UDL and Project-based learning
The 3 principles of universal design for learning are well suited for a project-based learning environment. Many guidelines and suggestions to make learning more accessible to all students are rooted in project-based learning so that often, extra strategies and time put in to universal understanding is minimized. This isn't to say it can be neglected, there will always be students who struggle whatever the teaching style is, but this approach is more open ended and allows for greater student flexibility than a traditional direct instruction method.

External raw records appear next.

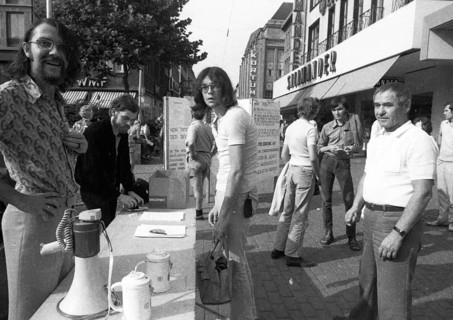 A collection of signatures by students, as here in Bochum on 18.8.1971, opposed sentencing of Red
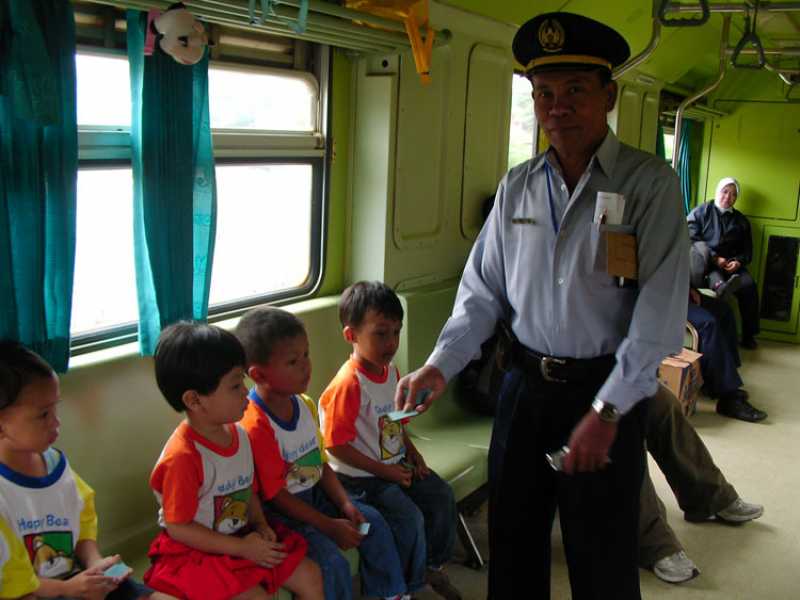 Acara minitrip sekolah#|#|#Minitrip naik kereta Pramex (prambanan express) dari Jogja - Solo - Jogja. Pak kondektur ini karcisku.....|||0.9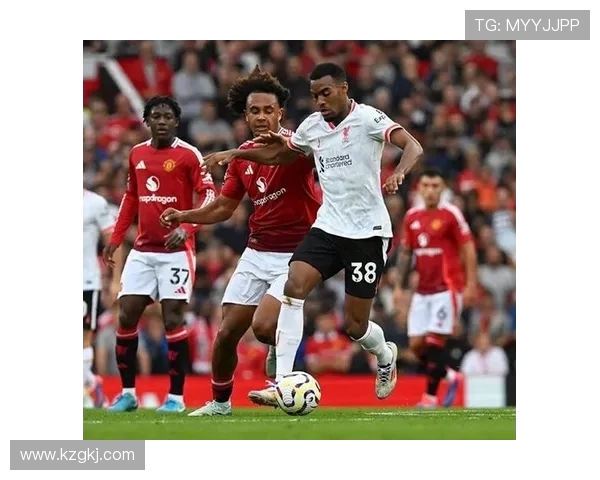 曼联对阵豪门激战全场鏖战展现红魔顽强斗志与经典足球魅力
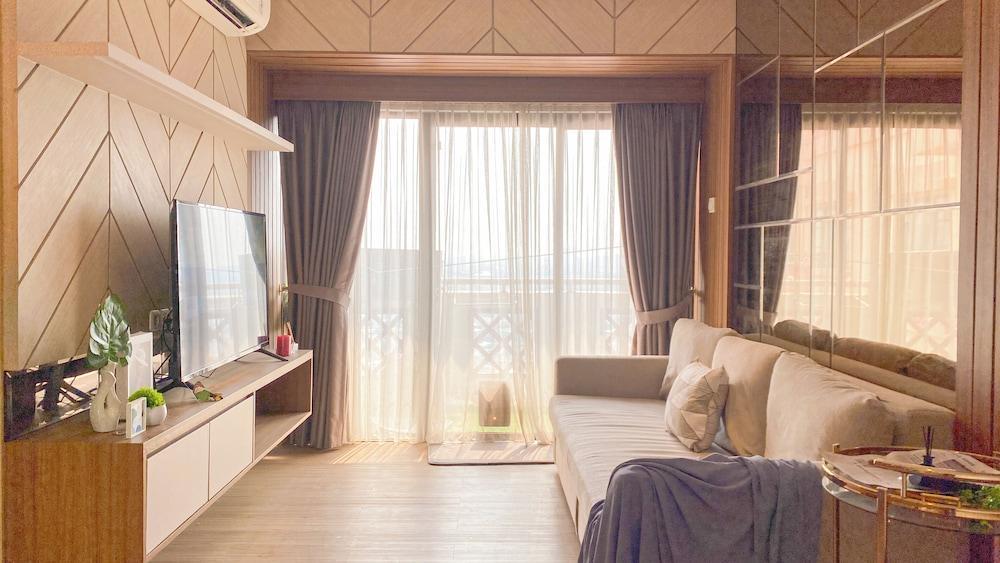 Modern Look 2Br At Puri Garden Apartment - Tap to explore photos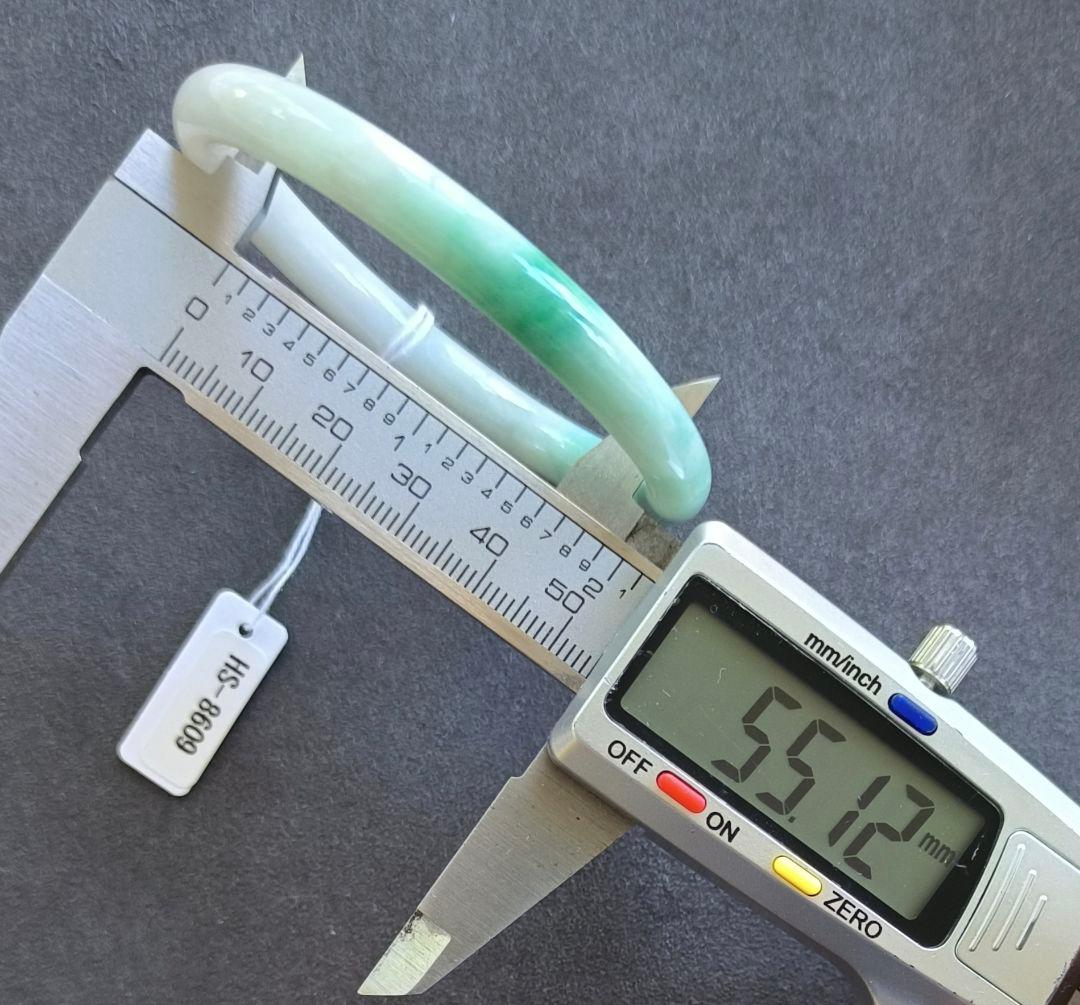 【日本鑑別書付:細条】ミャンマー産本翡翠のバングル（内径55ミリ）8609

Principle 1: Provide multiple means of representation
Students have different ways of understanding information and those with special needs will me more inclined to understand when presented with material in heir own ways. During PBL, there are multiple avenues available to students for comprehending material if a few minor adjustments are made. Some students have learning disabilities, such as dyslexia, and might benefit from a video of a class discussion of a reading. While they struggle to understand the reading, they could miss the reflection. Watching a video of that reflection at home can help fill in some questions they might have had from the reading yet were not able to listen to it in class. The same approach would be useful for English learners as well. For students with sensory disabilities, videos, handouts of audio lessons, among other things, can be used to help with understanding.
Principle 2: Provide multiple means of action and expression
One of the main components of PBL is to present the material to an audience. Due to the voice and choice that students have in PBL, many times they can choose their ideal way of presenting this material. In UDL, this is key because students with special needs have a variety of strengths and weaknesses that are likely more defined than other students. While it is ideal to have students work on both their strengths and weaknesses, students with special needs might not be able to present in more than one or two ways. PBL gives all students a choice in how to present their material and in doing so, assures that all students can participate in the lesson.
Principal 3: Provide multiple means of engagement
All students are motivated to learn in different ways. Some students work best in a spontaneous environment while other students need a strict, guided approach to daily lessons. With a bit of tweaking, PBL can offer both. For the student who thrives with spontaneity, maybe looking at the "need to know" list and asking the class which question they want to answer today would provide that spark. Other students who need order and a strict routine can be given a calendar of each daily objective throughout the project. In either instance, the teacher has prepared both of these in advance and just needs to pick on that is more tailored to the class. Many students enjoy working in groups, and those with special needs benefit from the social interaction group work provides. However, there are those students who cannot work in groups and would much prefer to complete their project alone. PBL is designed to be completed in groups, but it can certainly be completed individually.